Kevin Myers: We now know there's no such thing as Europe. Admit it and be grateful: Deutschland uber alles
Wednesday April 28 2010
The sun rises on a new dawn, and once again, the begging bowl is passed to Germany to pay for the excesses of others. And Germany will complain, and it will grumble, but most of all, it will pay. Why? Because payment confers power. The EU might fundamentally be just a Franco-German club, a glorified Franconia, but the club president-paymaster still lives in Berlin. For the most intelligent, the most talented, the most resourceful and energetic people in Europe are those whose lands lie between the Oder and the Rhine.

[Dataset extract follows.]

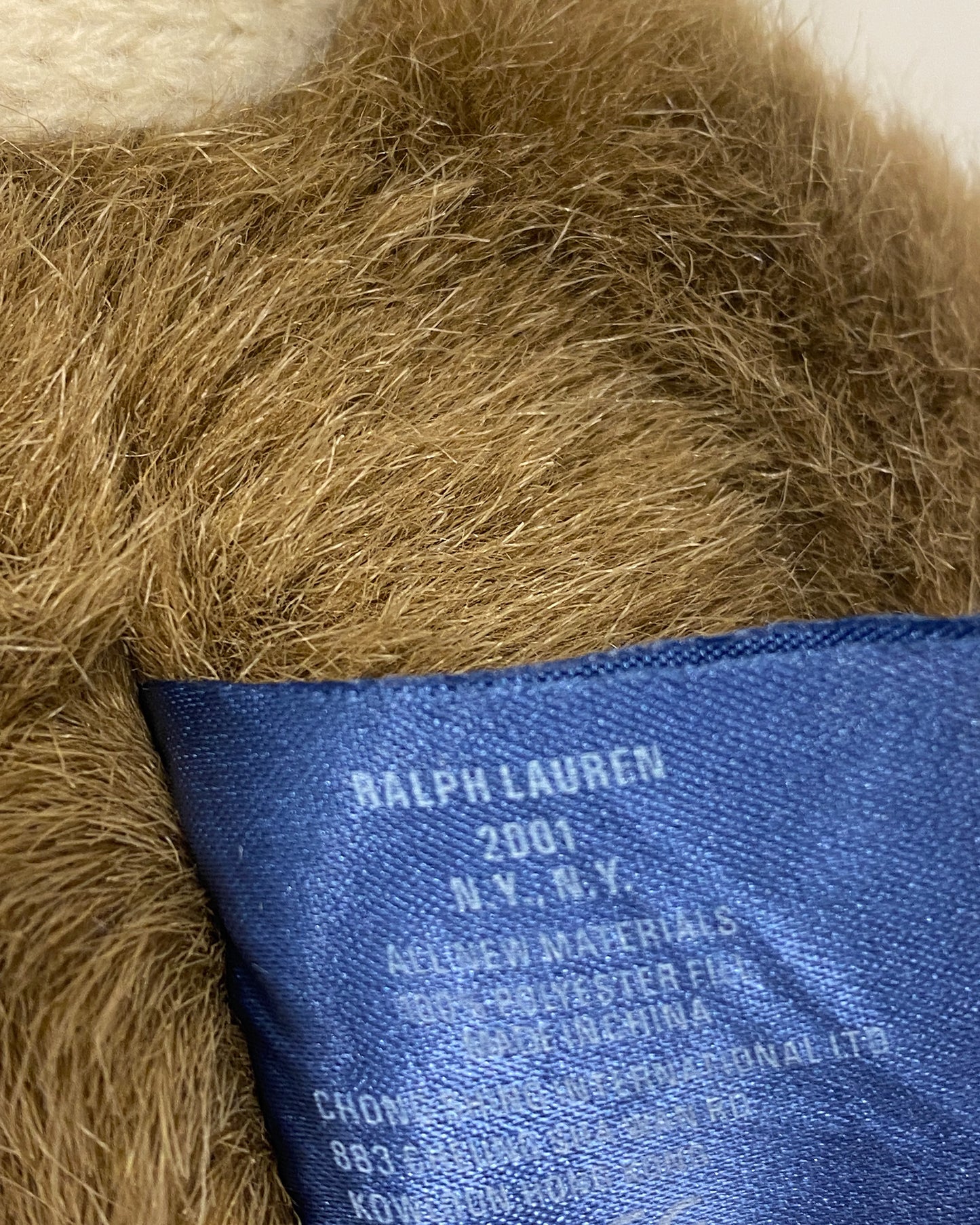 Ralph Lauren 2001 Polo Scarf Plush Teddy Bear Brown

Sixty-five years ago this week, the idea that Germany might one day come to the economic rescue not just of Greece, but to the entire European project, and within the lifetimes of people then living, would have seemed utterly ridiculous. A national Nemesis unique in world history was befalling the Reich. Allied bombing had turned its cities into funeral pyres, within which hundreds of thousands of German civilians had perished. Another 400,000 Germans were killed in ground-fighting in 1945 alone. Perhaps two million ethnic-Germans were murdered or died during their flight from the ancient ethnic homelands in the east. Eight million Germans were roofless refugees. Tens of thousands of German women and girls were being raped by Soviet soldiery, who were to continue their rampage long after the last shot had been fired. Victor's justice followed: Germans were hanged for deeds that were no worse than many done by their conquerors.

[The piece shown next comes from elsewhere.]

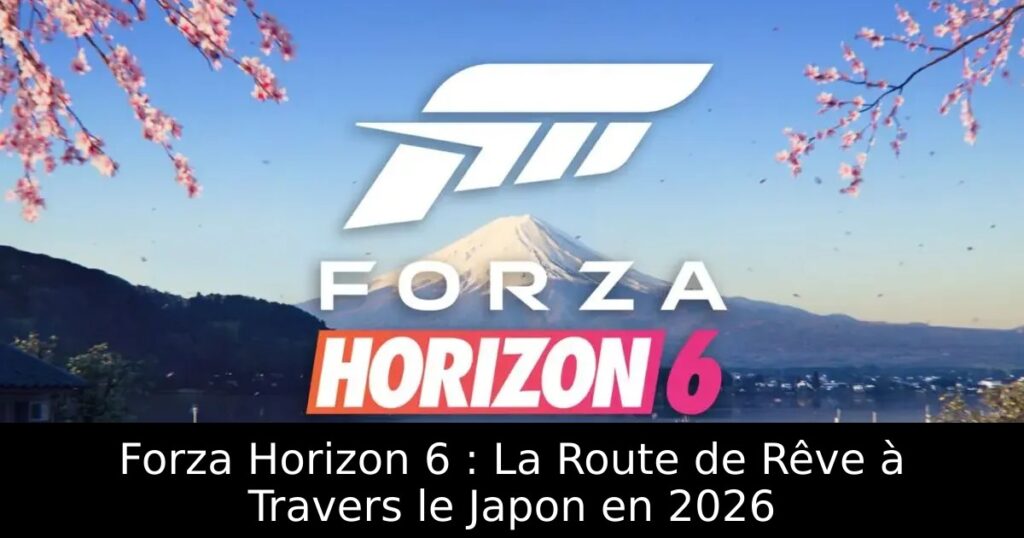 Forza Horizon 6 : La Route de Rêve à Travers le Japon en 2026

The Germans invented the word, Gotterdammerung: it was for the Germans now to discover the full meaning of such righteous wrath.
Few Germans today complain about the fate of their country in 1945. They know a condign, if evil, punishment had been done for the misery they had wrought on the other peoples of Europe. No land that had felt the fall of the Nazi jackboot was spared the inhuman savagery of the Third Reich. From Greece to Italy, from Norway to the Ukraine, the tale varied in but detail: massacre, torture, extortion and slow-moving trains to their final destinations, marked by high smokestacks and strange smells.
So, 65 years ago this spring, the Germans began to rebuild their land. Somebody with a screwdriver began to assemble Volkswagens. A man with a drawing-board in the middle of rubble sketched out a design for a new Mercedes Benz. Willi Messerschmitt, whose surname in German means "knife-smith", and who had designed the first jetfighter in the world, began to make quirky little bubble-cars. From the ashes of Armageddon arose a new Germany, as hard-working and as inventive as ever, but with a new ethos, in which militarism was shunned and a duty to others extolled.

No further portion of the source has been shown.